The translation is “I am Charlie,” which seems both excessive and fitting. Excessive because even most of us who work in media are not Charlie Hebdo; we’ll never be mutilated by gunfire over something we write. And yet fitting because what Charlie’s assassins were trying to snuff out was a value we all hold dear: freedom of expression, even if that expression is deemed offensive.
That right, along with the rest of the classically liberal credo, is the West’s inheritance. And yet too often we’ve bartered it away in exchange for safety or sterility. The best way to remember the dead at Charlie Hebdo is not by affirming our rights with more Twitter slacktivism, but correcting those instances where we didn’t affirm our rights.
The media didn’t affirm our rights when a Danish newspaper printed cartoons mocking the prophet Mohammed. Those images ignited a firestorm of Muslim outrage that wrecked embassies and killed at least 200 people. Most American media outlets refused to reprint the images; a New York Times editor recently sniffed that he doesn’t publish material “deliberately intended to offend religious sensibilities.” (Oh really?) The cravenness even seeped into book publishing, with Yale University Press censoring a book about the cartoons.
After the Charlie Hebdo murders, the American media should print the Danish cartoons.
Comedy Central didn’t affirm our rights when South Park creators Trey Parker and Matt Stone made an episode depicting the prophet Mohammed. Though Parker and Stone are by far the most talented and influential satirists at that network (cool your jets, Jon Stewart fan girls), executives still insisted on censoring the scene. Stone later summed up Comedy Central’s attitude as “afraid of getting blown up.”
After the Charlie Hebdo murders, Comedy Central should air that South Park episode, sans censorship.
The government didn’t affirm our rights after a D-list movie called Innocence of Muslims that satirized Mohammed sent the Islamic world into a furor. The Obama administration, desperate to pin the September 11 Benghazi attacks on something other than al Qaeda, scapegoated the film and asked Google to remove it from YouTube. It was later removed anyways after a federal judge ruled that its producers had committed a comically specious infringement of copyright law, and its filmmaker, Nakoula Basseley Nakoula, was later thrown in prison on an equally flimsy parole violation.
After the Charlie Hebdo murders, someone should find a way to distribute Nakoula’s movie.
In every one of these cases, the common denominator isn’t the Washington Post’s concern for “religious sensibilities,” but Matt Stone’s far more lucid formulation: they’re afraid of getting blown up. Already the AP, CNN, the New York Daily News, and the UK Telegraph are censoring the French cartoons that depict Mohammed. These outlets have given an effective content veto to Islamists so long as they’re willing to throw a tantrum. And tantrums they excel at.

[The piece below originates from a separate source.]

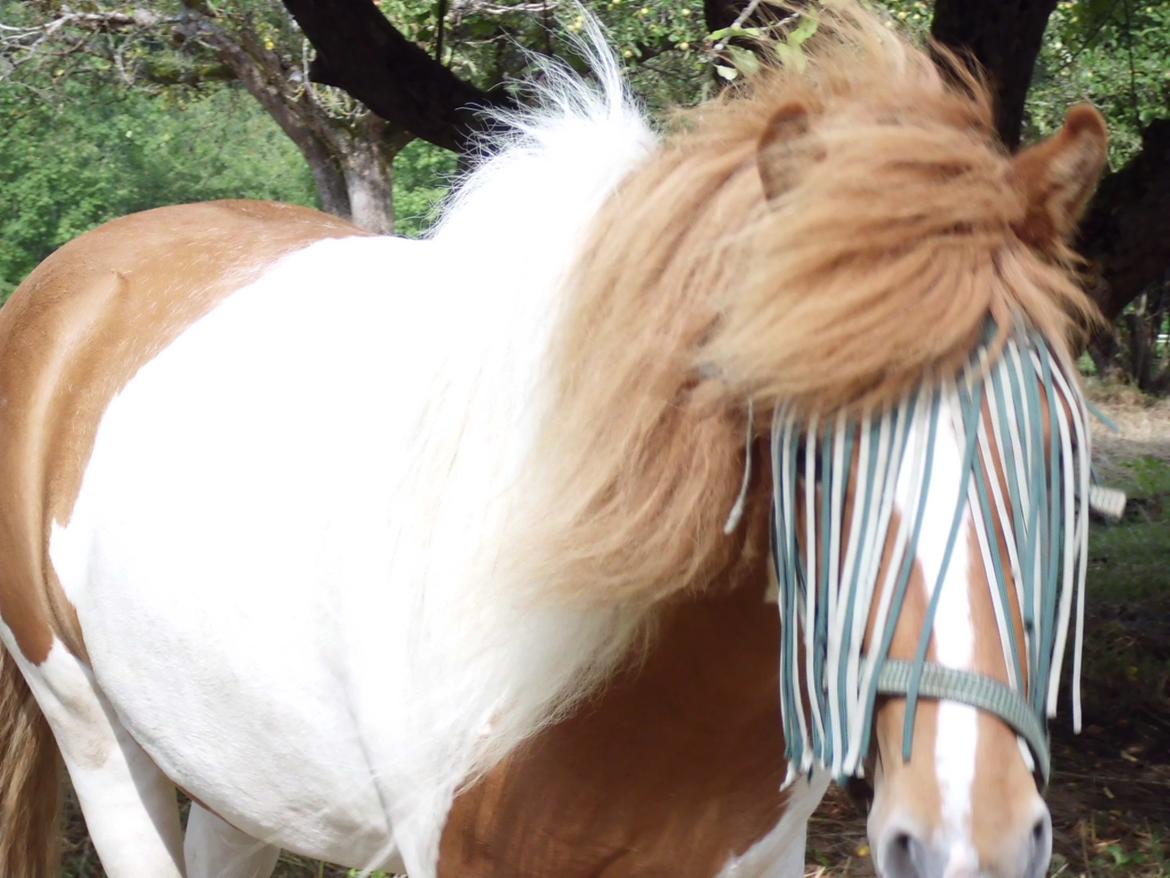 Islænder Depla fra såbyhøj billede 25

So it should go without saying that after the Charlie Hebdo murders, the media should show the French cartoons.
This isn’t to encourage blasphemy—after the Charlie Hebdo murders, we should double down on protections for religion too. The right to free expression and the right to follow one’s conscience are inextricably linked. There’s too thick a line in our minds between imams demanding that secularists follow Islamic rules and secularists demanding that religious people follow “reasonable, 21st century secular rules.” Catholics should not be forced to provide contraception to work out a kink in some wonk’s policy blueprint. Secularism means pluralism, not progressivism.
Finally, after the Charlie Hebdo murders, movie companies should reconsider their capitulation to North Korea and show The Interview. There’s a big difference between not shouting fire in a crowded theater and sending away crowds from your theater because you’re afraid of a fire. Speaking of which, we should probably do away with that stupid Oliver Wendell Holmes metaphor anyhow. Those Philadelphia socialists were as much a threat to Woodrow Wilson as Nakoula Basseley Nakoula is to Barack Obama.